## Aim of the task
Exact reproduction required: the lines below from the line with "Good Flora nutritional information" to the line with "Detaliu clinic relevant", both ends included, and no others.

## Material provided
-------------------------

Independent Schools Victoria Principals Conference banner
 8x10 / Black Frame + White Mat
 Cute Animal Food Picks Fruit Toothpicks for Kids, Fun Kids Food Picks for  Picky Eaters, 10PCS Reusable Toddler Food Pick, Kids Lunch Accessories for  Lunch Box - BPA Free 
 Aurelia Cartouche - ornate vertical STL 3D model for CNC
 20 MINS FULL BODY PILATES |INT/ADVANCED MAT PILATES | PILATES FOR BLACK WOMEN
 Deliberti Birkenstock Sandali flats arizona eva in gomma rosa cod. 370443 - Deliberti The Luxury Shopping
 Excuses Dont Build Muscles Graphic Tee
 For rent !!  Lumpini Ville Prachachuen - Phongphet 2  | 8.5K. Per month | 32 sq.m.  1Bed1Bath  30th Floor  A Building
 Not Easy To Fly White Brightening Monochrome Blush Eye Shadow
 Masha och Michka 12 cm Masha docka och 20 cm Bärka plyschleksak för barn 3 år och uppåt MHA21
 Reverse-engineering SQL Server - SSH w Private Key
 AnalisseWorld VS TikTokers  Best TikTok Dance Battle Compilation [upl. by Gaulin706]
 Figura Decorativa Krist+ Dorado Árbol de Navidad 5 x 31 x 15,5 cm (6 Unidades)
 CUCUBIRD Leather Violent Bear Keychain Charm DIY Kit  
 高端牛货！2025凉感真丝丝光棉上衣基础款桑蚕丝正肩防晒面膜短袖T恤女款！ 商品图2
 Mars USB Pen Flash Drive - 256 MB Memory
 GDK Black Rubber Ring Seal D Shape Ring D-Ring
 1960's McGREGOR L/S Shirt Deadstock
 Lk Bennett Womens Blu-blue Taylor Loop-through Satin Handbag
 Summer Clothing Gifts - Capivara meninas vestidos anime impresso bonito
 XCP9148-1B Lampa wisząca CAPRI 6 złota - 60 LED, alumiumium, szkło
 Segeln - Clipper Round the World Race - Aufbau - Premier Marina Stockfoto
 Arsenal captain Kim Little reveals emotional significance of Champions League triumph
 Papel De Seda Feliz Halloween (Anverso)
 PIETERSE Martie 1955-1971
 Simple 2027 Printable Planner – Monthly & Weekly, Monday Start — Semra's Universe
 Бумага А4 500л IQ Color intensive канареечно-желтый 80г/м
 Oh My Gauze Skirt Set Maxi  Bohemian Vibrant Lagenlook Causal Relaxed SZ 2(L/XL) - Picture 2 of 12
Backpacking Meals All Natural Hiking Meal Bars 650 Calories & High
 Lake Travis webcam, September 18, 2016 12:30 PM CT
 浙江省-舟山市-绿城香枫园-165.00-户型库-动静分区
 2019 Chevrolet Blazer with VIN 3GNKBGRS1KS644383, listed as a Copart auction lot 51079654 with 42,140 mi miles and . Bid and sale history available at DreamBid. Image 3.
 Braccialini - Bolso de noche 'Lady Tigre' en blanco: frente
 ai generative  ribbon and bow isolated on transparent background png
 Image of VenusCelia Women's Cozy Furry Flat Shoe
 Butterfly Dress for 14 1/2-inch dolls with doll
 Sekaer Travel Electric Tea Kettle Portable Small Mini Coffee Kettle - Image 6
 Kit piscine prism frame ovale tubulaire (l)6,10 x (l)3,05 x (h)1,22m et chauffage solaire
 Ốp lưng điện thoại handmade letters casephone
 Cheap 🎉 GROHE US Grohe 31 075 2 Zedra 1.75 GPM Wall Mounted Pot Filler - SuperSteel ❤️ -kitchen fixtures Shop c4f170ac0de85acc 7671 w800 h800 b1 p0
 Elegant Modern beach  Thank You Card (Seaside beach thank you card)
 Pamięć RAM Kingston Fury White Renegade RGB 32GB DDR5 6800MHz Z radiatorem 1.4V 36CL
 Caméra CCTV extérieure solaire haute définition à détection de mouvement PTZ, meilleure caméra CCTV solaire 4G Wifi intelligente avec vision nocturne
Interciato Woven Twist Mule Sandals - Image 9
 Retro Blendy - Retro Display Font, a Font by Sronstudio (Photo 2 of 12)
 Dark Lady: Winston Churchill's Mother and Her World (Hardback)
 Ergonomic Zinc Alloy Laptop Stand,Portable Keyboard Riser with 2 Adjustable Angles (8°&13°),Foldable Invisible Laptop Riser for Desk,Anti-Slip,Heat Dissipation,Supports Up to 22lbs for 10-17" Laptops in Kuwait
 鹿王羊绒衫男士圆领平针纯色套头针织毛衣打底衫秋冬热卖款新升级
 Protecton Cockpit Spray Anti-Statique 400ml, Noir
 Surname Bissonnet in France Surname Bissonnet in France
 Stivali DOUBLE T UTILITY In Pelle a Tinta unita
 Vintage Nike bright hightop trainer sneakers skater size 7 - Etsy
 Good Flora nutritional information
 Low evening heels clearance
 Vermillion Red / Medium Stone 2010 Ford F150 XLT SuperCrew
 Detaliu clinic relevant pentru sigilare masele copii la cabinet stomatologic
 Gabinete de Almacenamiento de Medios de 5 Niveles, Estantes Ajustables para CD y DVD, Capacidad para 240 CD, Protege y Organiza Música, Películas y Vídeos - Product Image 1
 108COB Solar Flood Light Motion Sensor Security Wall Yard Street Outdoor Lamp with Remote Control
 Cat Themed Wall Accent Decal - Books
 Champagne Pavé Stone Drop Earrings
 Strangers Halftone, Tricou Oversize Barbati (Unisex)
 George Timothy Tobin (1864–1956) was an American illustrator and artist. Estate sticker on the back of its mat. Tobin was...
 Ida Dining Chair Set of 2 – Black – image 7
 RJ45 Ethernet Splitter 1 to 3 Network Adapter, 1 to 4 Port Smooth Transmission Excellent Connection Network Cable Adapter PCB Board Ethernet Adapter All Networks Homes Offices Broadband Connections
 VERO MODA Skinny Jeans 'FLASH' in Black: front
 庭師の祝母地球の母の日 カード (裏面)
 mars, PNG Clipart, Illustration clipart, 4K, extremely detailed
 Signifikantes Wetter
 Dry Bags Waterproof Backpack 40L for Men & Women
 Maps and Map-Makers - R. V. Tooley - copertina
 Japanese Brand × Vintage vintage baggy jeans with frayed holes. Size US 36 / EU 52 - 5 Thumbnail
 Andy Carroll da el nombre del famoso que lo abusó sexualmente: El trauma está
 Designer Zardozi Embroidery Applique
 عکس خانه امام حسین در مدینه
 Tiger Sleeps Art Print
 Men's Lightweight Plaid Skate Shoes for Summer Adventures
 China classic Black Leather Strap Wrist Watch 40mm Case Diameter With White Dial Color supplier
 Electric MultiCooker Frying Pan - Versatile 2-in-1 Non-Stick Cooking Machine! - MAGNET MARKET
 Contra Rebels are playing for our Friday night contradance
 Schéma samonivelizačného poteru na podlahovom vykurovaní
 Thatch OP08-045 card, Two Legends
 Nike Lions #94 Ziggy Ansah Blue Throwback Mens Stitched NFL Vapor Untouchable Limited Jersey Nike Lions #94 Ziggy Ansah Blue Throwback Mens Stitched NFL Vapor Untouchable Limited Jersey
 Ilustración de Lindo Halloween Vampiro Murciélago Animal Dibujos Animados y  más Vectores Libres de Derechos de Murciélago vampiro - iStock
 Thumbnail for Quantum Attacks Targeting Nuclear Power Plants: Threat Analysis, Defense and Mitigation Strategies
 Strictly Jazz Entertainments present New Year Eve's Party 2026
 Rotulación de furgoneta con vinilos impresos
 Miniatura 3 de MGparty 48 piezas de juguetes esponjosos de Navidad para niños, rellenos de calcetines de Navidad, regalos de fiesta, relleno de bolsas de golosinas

-------------------------

## Solution below
 Good Flora nutritional information
 Low evening heels clearance
 Vermillion Red / Medium Stone 2010 Ford F150 XLT SuperCrew
 Detaliu clinic relevant pentru sigilare masele copii la cabinet stomatologic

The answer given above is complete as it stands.